The above are valid points, and I appreciate being educated. However, I still maintain that there is a public lands management problem in some of the USFS, Arizona Fish and Game, and Bureau of Land Management lands I’ve recently visited. If the key to good lands management is finding ways to accommodate all (intended) users to at least some reasonable extent, I don’t see that happening.

It’s one thing to move cattle through an area, letting them stop here and there for extended grazing or watering. In that scenario, even hikers who move through the same area slowly and without the means to quickly escape shit-covered landscapes can still enjoy the area. That is the case in the last place I camped, on one section of BLM land that showed little signs of cattle but through which cattle are now moving.
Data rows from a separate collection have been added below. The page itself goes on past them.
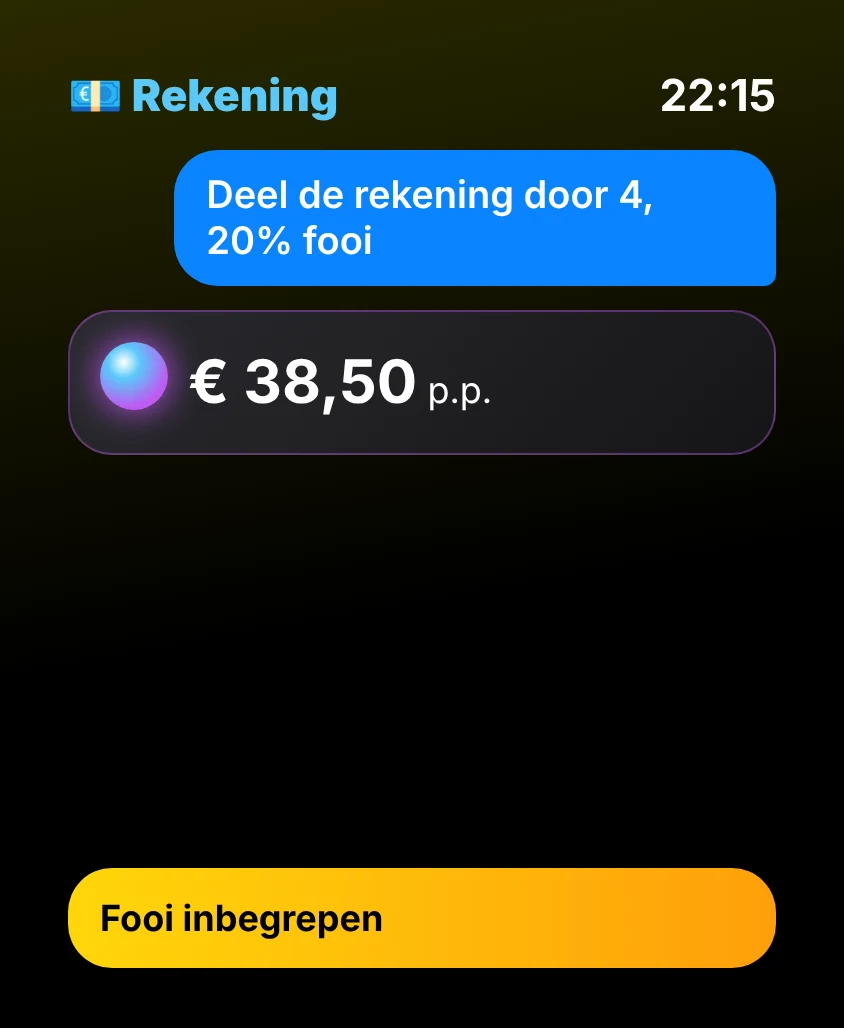 G Bot – Rekening: € 38,50 p.p. Fooi inbegrepen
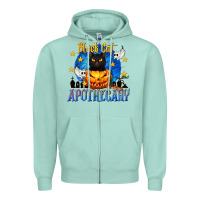 Seafoam Black Cat Apothecary Zipper Hoodie - texasbilliewilder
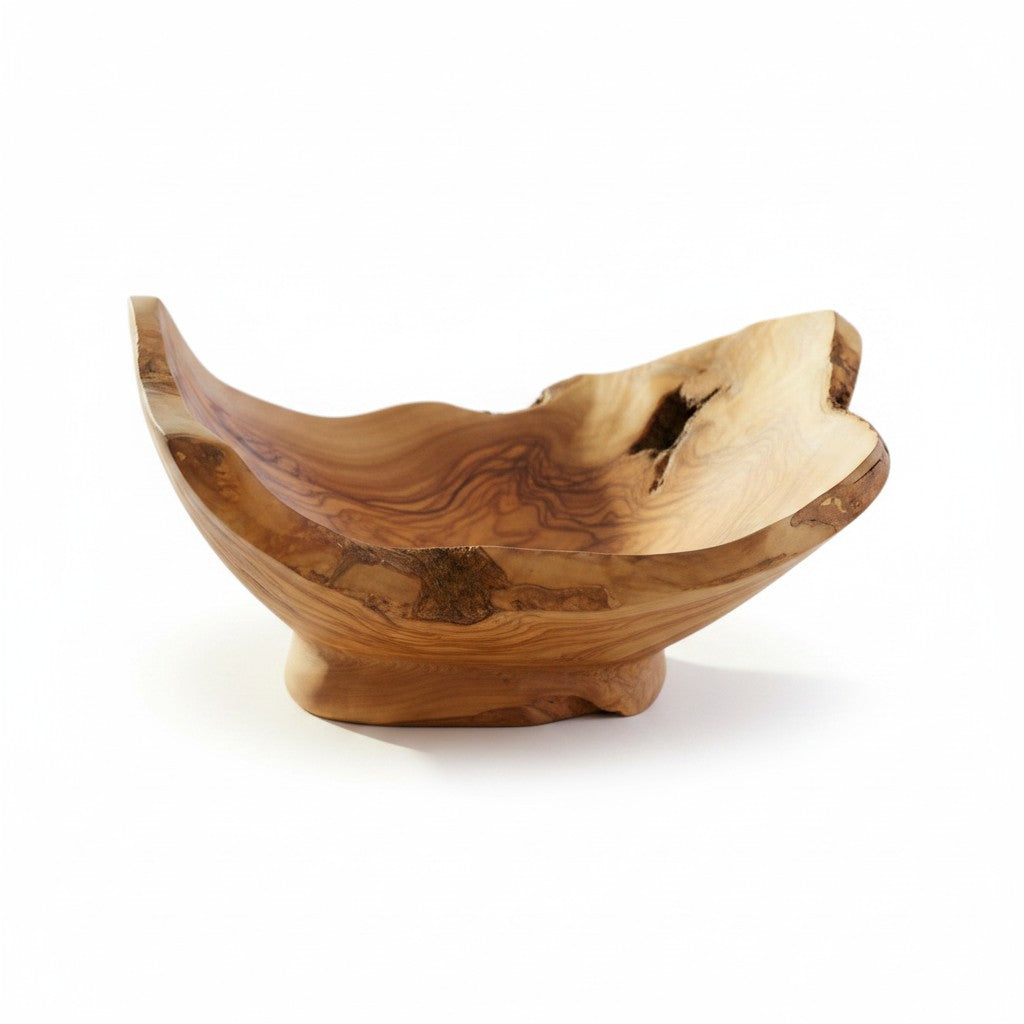 Handcrafted Olive Wood Pedestal Fruit Bowl (38x36x23) | Rustic Table Decor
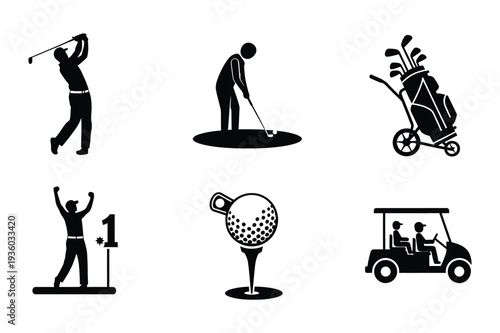 Golf Icon Set: Player, Cart, Bag, Ball, Hole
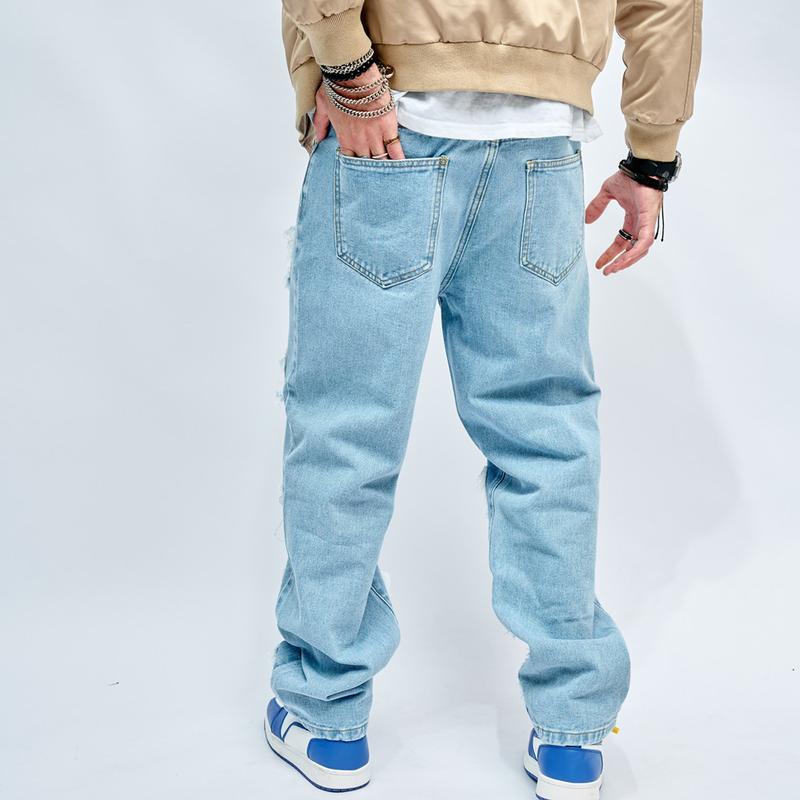 Men's Loose Fit jeans Men Carpenter Denim Pants Stylish Hip Hop Ripped Patch Wide-Leg Casual Pants Streetwear Male Casual Straight Denim Trousers Menswear Underwear Human Pocket Beige Plain solid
cow pies overwhelming public land

It’s another matter to let cattle sleep in the same spots for weeks (or successive herds pass immediately through the same spots) until flies and cow shit are the most noticeable inhabitants. Campsites become unusable. The air in low-lying wet areas becomes unhealthy, prompting people with breathing problems or sensitivities to mold to cover their nose and mouth or wear a mask driving through. Hunters, birdwatchers and hikers have to watch their step instead of watching the wildlife and scenery. That is not good public lands management.

That is the case in the next section over from the BLM land I just applauded. The road goes through a marshy area that is littered with soggy cow pies. I can’t be the only person to not want to breathe that air.

Good public lands management means everyone wins. At least in most of the limited areas I’ve seen in southeastern Arizona, it does not seem that we’re there yet.